今回のお題はジョン・フォード監督『リバティ・バランスを射った男』(62)。
初めてこの映画を見たのは、中学生の頃(1975.11.6.木曜洋画劇場)。ジョン・ウェイン、ジェームズ・スチュワートというタイプの違う横綱同士の共演、ベラ・マイルズの美しさ、リー・マービン、ウッディ・ストロード、エドモンド・オブライエン、アンジー・ディバイン、ストロザー・マーティン、リー・バン・クリーフ、ジャネット・ノーランといった魅力的な脇役たち、そして「西部では伝説が真実になる」というラストのセリフ、どでかいステーキなどに感心しながらも、同時に、西部時代の黄昏を描いた悲しくて寂しい映画だなあと思ったものだった。
で、長年心に引っかかっていたことの一つが、ランス・ストッダート(ステュワート)は、妻となったハリー(マイルズ)に、果たして“真実”を話していたのかということだった。

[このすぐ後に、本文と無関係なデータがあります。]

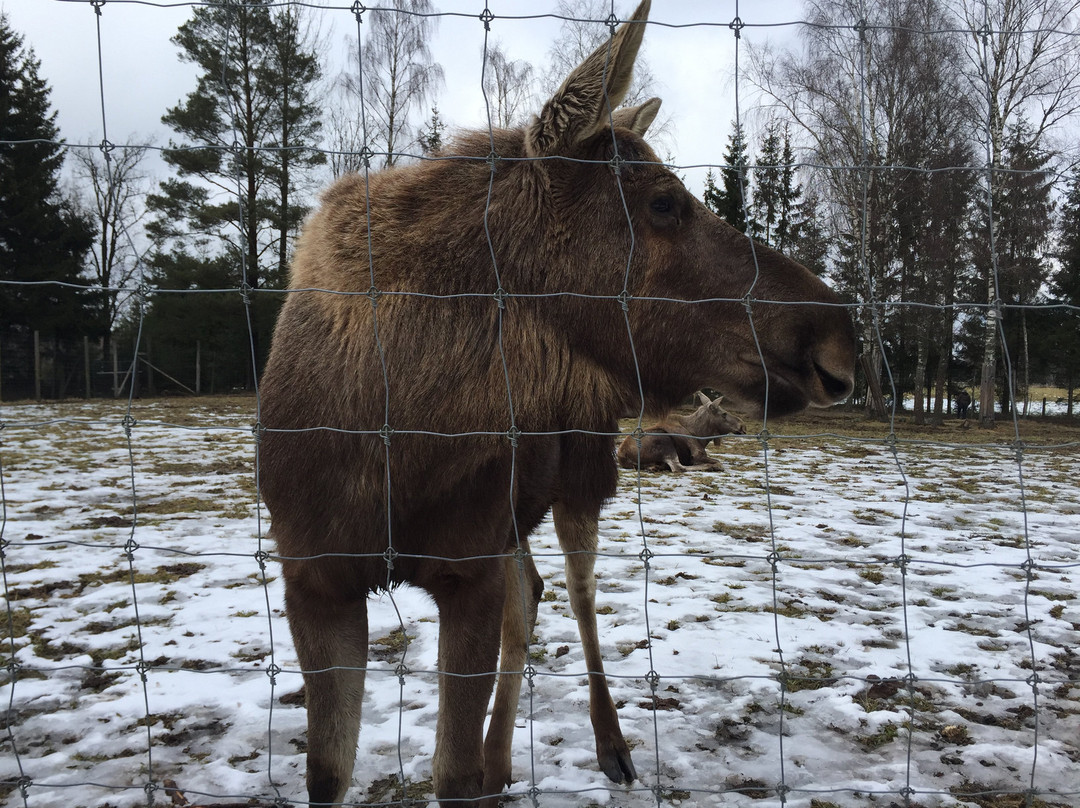 Hamneda旅游攻略图片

今回、見直してみて、その謎が解けた。ランスが新聞記者に真実を告白する前に、ハリーの方を一べつすると、ハリーがわずかにうなづくシーンがあったからだ。つまり、彼らは秘密を共有しながら生きてきたということ。
もう一つは、ハリーは夫となったランスよりも、亡くなったトム・ドニファン(ウェイン)の方を愛していたのでは、ということだった。フォードは、ピーター・ボグダノビッチに「そのつもりで描いた」と語っているし、今回の男性メンバーも、自分も含めて皆そう思っていたのだが、妻ともう一人の女性メンバーは「夫の方を愛しているに違いない」と言っていた。このあたり、男女で受け取り方が違うのか、と思って興味深かった。
また、この映画は製作の開始が遅れ、フォードがやる気を失い、半ば投げやりに撮ったという側面があるらしい。それ故か、雑なところが目に付くのだが、それが逆に、見る者に想像の余地を与え、さまざまな解釈を生む結果になったともいえる。
で、ドニファンがハリーに言う「怒った時の君はきれいだ」というセリフを、今度夫婦げんかの時に使ってみるかなどと思ったが、逆に火に油を注ぐことになるかもしれないし、けんかの際にはそんな余裕はないか。
考えてみれば、ウェインの最後の映画『ラスト・シューティスト』(76)で彼を看取ったのはスチュワートだったんだよなあ。この映画とのつながりを思うと感慨深いものがある。